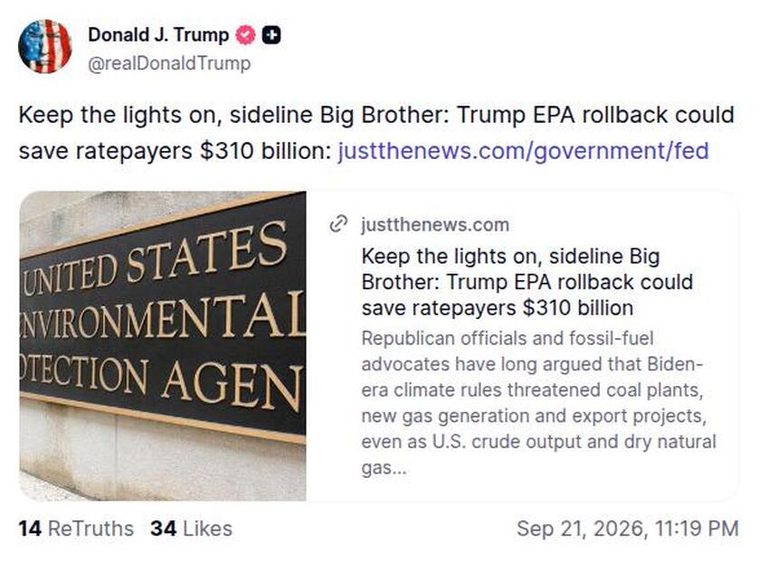 justthenews：EPA 撤销规定节省 3100 亿 报道预览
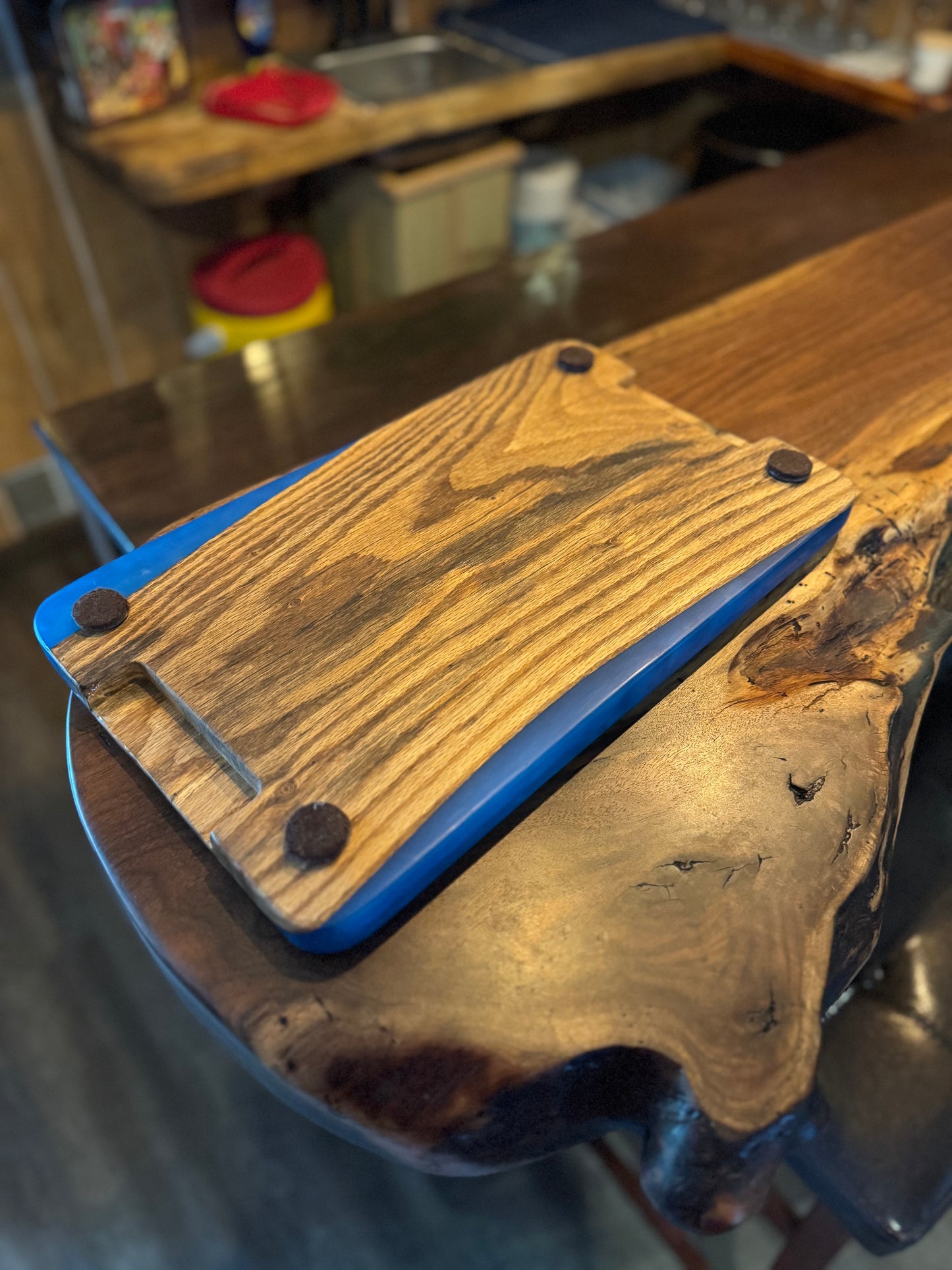 Oak Wood Blue Epoxy Table Center Piece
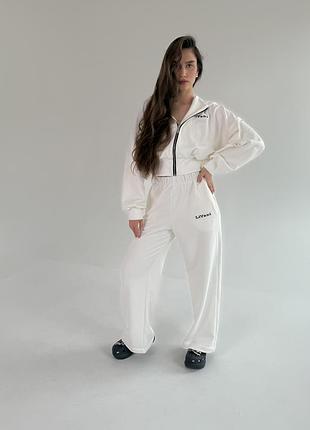 Стильний костюм тринитка: худі на блискавці + штани палаццо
====================
## DESCRIPTION OF THE TASK
The answer is the listing above restated word for word, pictures removed.

## YOUR SOLUTION
 justthenews：EPA 撤销规定节省 3100 亿 报道预览
 Oak Wood Blue Epoxy Table Center Piece
 Стильний костюм тринитка: худі на блискавці + штани палаццо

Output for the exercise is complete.